Chancery Division – Directors’ Duties – VAT fraud

29 July 2011

On 29th July 2011 Mr. Justice Mann handed down judgment in favour of the liquidator, Deloitte LLP, in the case of Payless Cash & Carry (in liquidation) v. Patel (and others), [2011] EWHC 2112 (Ch) in which Rupert Butler appeared for the liquidator, pursuing claims against the director of a company who used his business to conduct a multi-million pound VAT fraud.

Issues

The issues were: (1) the extent of director’s duties to a company; (2) whether the trade of the company was genuine or fraudulent; (3) if fraudulent did the trade give rise to wrongful reclaims of VAT input tax.

Background

Since at least 2007 the company’s director had been running a cash and carry, Payless, in South London, selling alcohol and cigarettes. On investigation HMRC suspected that a proportion of suppliers to Payless had common characteristics which suggested they were not genuine traders. While all of these purported suppliers were registered for VAT they had no background in alcohol sales, no trading premises, no storage facilities, no haulage, no insurance, no capital, no terms of business, no credit facilities, and no visible directors with experience in commerce. On inspection, there was no evidence of any trading with Payless, although Payless held, in its possession, large quantities of invoices suggesting suspicious trade valued at over £30 million, and which it used to make VAT input tax reclaims, which were set-off against its output tax liability.

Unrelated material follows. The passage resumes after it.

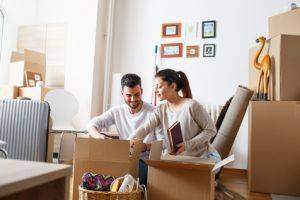 First Time Homeowner Insurance - Couple Unpacking House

In December 2009, HMRC petitioned to place the company into provisional liquidation and Louise Brittain, then of Baker Tilly and now of Deloitte, was appointed provisional liquidator and then liquidator. The company, with an annual turnover of £40m was immediately closed down. The liquidator sought freezing injunctions and issued proceedings against Mr. Patel, the director, claiming relief under s.212 of the Insolvency Act 1986 and asking the court to award equitable compensation against him to the extent of the amounts of VAT input tax that had been wrongfully reclaimed.

The case then involved a close forensic analysis of Payless’ over 200 boxes of books and records to compare all of its trades and to sort out those that were fraudulent from those that were genuine. Mr. Patel defended the claim asserting that all of his trade was genuine and pointing to the evident commerce being conducted through a thriving cash and carry – his supplies were coming from somewhere. During the 11 day trial Rupert Butler presented the claim for the liquidator against leading counsel, using 10 fraudulent suppliers as the basis of his case, whose activities were analysed in minute detail by the court with the assistance of a forensic accountant from Deloitte and HMRC officers. Cross-examining Mr. Patel for over 5 days, Rupert Butler also scrutinised Payless’ books and records, including many volumes of manuscript ledgers and computer records, said to be compiled by Mr. Patel and several of his staff, who claimed these proved his trade was genuine.

In a 79 page judgment Mr. Justice Mann made detailed findings in respect of each supplier and the witnesses in general, before agreeing with Rupert Butler’s case and finding that Mr. Patel had conducted his business fraudulently and used concocted transactions to mask his trade and form which he benefitted by making a fraudulent VAT input tax reclaim exceeding £3.6m.